How to plan a trip, when you don’t have the time
• Put a shout out to trusted social networks- Facebook and Twitter- for advice, recommendations, itinerary ideas.
• Followup with Tripadvisor and travel forums to see reviews.
• Download iPhone/iPad/Android travel apps on the city (i.e. I love metro map apps or anything on navigation).
• Head to Google searches. My Google search actually calls up travel articles, written by other travel bloggers.
Let me note, when I do my searches I’m very scrutinizing about what I read and “invest” my time in. I need and want solid information– cut-the-bullshit –fast. Google, I find, tends to rank the most information-packed and somewhat instructional articles first, versus “Here’s me and my boyfriend on our vacation…” types of posts.
What’s so fantastic about “travel bloggers” if they’re not experts or professionals?
I beg to differ on that.
Sure, you’ve got your homespun travel blog, which is like a diary entry. But you’ve also got more bloggers out there wanting to make it a career. With the latter, they’re refining their techniques.

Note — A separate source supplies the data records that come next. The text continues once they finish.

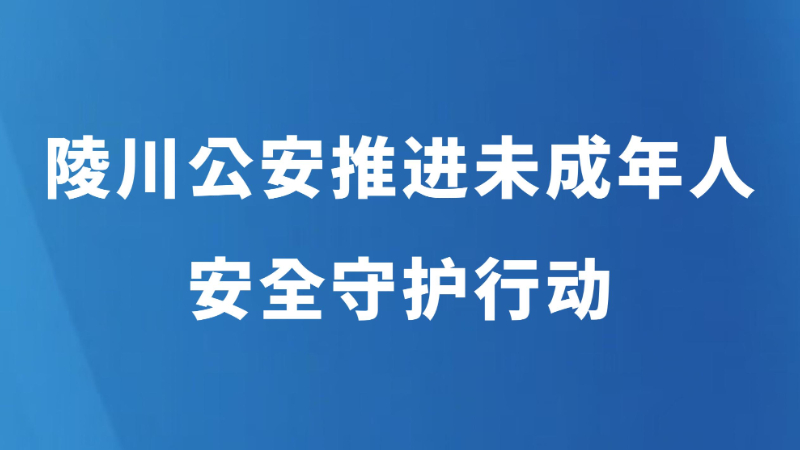 陵川公安推进未成年人安全守护行动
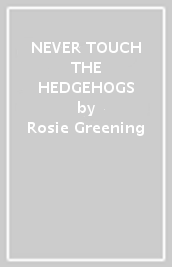 NEVER TOUCH THE HEDGEHOGS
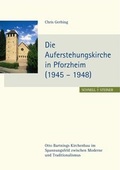Cover: Die Auferstehungskirche in Pforzheim (1945 - 1948) - Schnell & Steiner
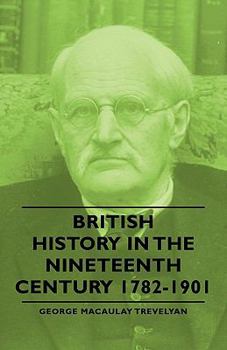Paperback British History in the Nineteenth Century 1782-1901 Book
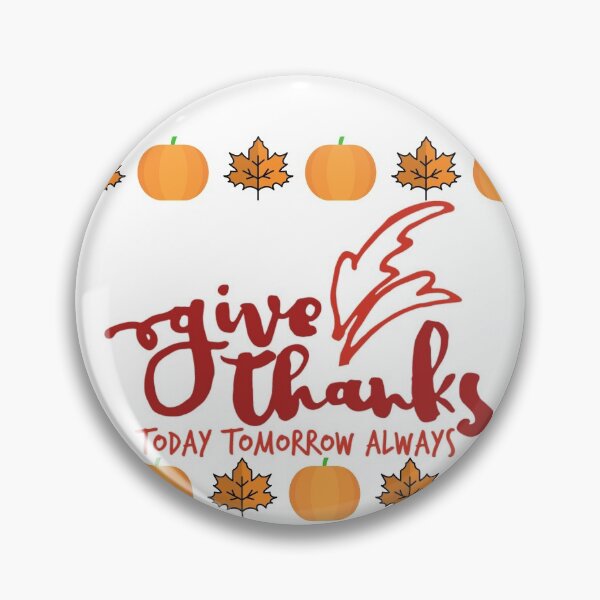 Item preview, ThanksGiving Sticker: Give Thanks Today, Tomorrow, Always designed and sold by morara.
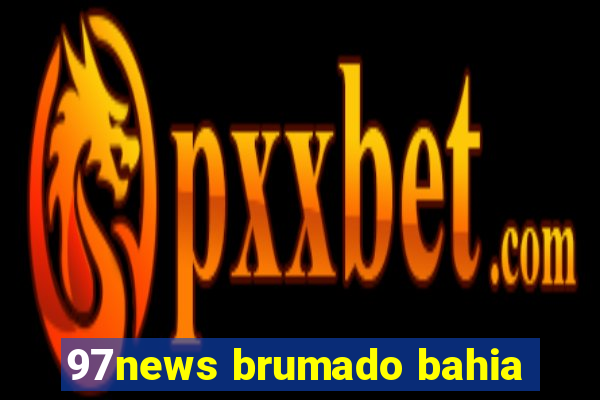 97news brumado bahia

But back to social media and society’s need for more personal recommendations… With travel bloggers, I feel like they’re in the trenches of travel with me. They’ve experienced unique places, some bloggers, their travel is similar in style to mine and many are excellent at sharing the “How to” information they’ve collected. Although guidebooks like Lonely Planet and Rough Guides hire writers that are travelers also, we don’t see their personalities or the struggles they face as travelers, and that can be a frame of reference, which makes travel bloggers more attractive.

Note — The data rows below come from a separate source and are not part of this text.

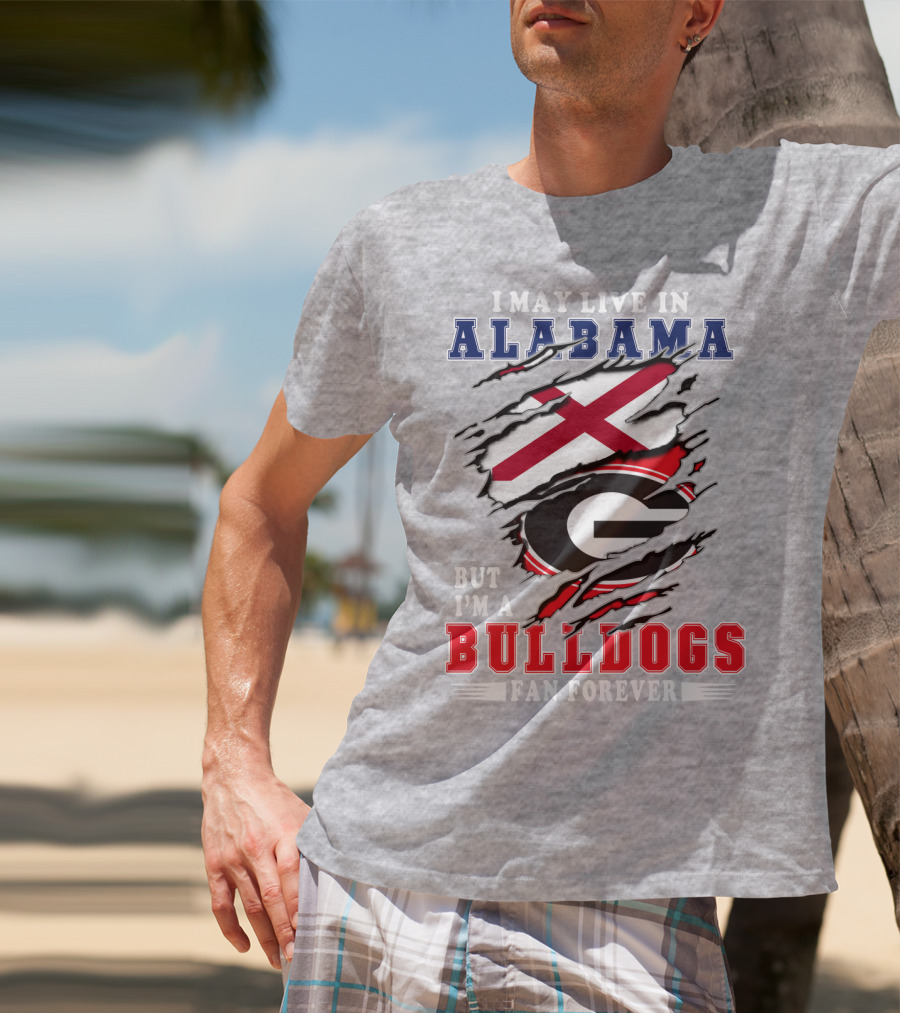 I May Live In Alabama But I'm A Bulldogs Fan Forever T-Shirt
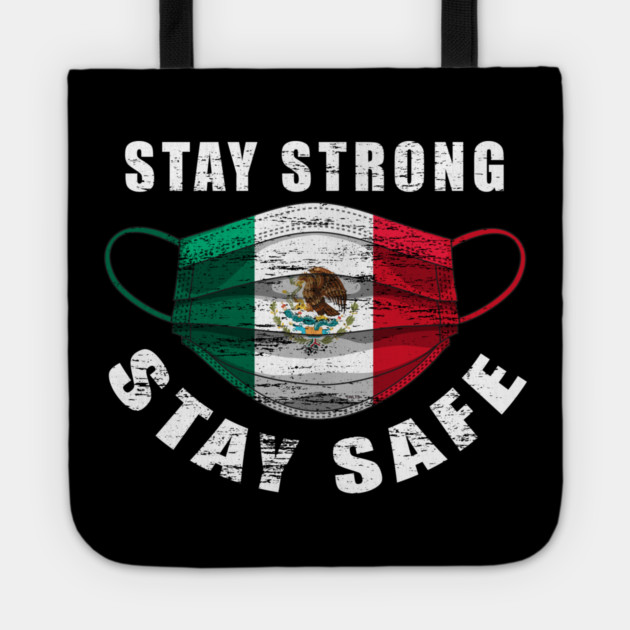 Stay Strong Stay Safe Mexican Flag Mask Solidarity Awareness Tote by creative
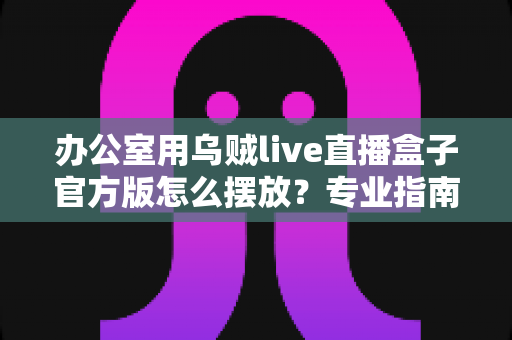 办公室用乌贼live直播盒子官方版怎么摆放?专业指南教你打造高效办公直播空间 办公室用乌贼live直播盒子官方版怎么摆放?专业指南教你打造高效办公直播空间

Travel bloggers are like an online travel reality show personalities. If they post the occasional photo of “my horror hotel” or “avoid this” to accompany a description, I feel an immediate kinship. It gives me extra peace of mind, if the blogger posts an informative location photo, which gives me visual reference to a place I’m going to or how to get there (informative pictures vs cultural ones is what I wish guidebooks had more of). But even if I’ve come to their website for the very first time, strictly for the information, I get that feeling that they’re very human, accessible and someone I can relate to… like a Facebook friend or a fellow traveler on Tripadvisor… someone like me. Sometimes, the blog, video and photo information they share can offer similar tips and more insight for me than a guidebook.
Some favorites, which come to mind as being called up in my Google searches for my most recent trip were Mark of Migrationology, a YouTuber and travel blogger, who authors badass information-packed e-book guides on food and travel, YouTuber Steve of QiRanger Adventures who’s your video inspiration into South Korea’s landmark sights and Robert’s Leave Your Daily Hell, who’s informative travel guides and articles are a great resource, as well . These three travel bloggers helped to kill my need for a guidebook on my last trip. They were my guidebooks.
Overall, there’s a wealth of travel bloggers, who are refining their way of crafting information. They’re traveling or are locals at your next destination.
While it might be a stretch to say travel bloggers will completely replace guidebooks, they are the new travel guides of today. They’re all wanting to show you how you can live a fuller and more rewarding travel experience, to do it your way and within your budget.